THE TASK: The word "Simple" may appear in lines of the data below. Say how many lines hold it, giving only the number.
═════ INPUT DATA
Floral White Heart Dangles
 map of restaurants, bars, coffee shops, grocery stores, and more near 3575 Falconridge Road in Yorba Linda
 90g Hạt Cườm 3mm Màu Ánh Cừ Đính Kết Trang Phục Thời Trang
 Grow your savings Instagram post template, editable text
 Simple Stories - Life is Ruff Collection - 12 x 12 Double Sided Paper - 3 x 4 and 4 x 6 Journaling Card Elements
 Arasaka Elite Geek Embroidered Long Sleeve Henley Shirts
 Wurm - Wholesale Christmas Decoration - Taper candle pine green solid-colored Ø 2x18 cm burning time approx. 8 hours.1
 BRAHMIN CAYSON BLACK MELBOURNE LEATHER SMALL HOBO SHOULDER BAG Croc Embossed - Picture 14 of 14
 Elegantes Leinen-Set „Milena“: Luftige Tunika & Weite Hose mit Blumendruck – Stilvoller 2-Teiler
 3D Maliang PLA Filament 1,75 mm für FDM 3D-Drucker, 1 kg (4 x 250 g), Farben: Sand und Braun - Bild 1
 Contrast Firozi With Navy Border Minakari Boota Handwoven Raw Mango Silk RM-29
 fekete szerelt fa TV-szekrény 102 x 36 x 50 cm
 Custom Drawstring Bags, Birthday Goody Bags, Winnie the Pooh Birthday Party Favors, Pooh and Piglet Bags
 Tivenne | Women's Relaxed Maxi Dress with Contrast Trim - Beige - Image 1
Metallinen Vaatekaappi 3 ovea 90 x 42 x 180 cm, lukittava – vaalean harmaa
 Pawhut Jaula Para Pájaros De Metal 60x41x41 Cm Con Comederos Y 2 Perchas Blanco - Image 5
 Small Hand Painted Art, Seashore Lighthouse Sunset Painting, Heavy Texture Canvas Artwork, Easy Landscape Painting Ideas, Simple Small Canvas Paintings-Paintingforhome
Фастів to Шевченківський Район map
══════════
TASK OUTPUT: 2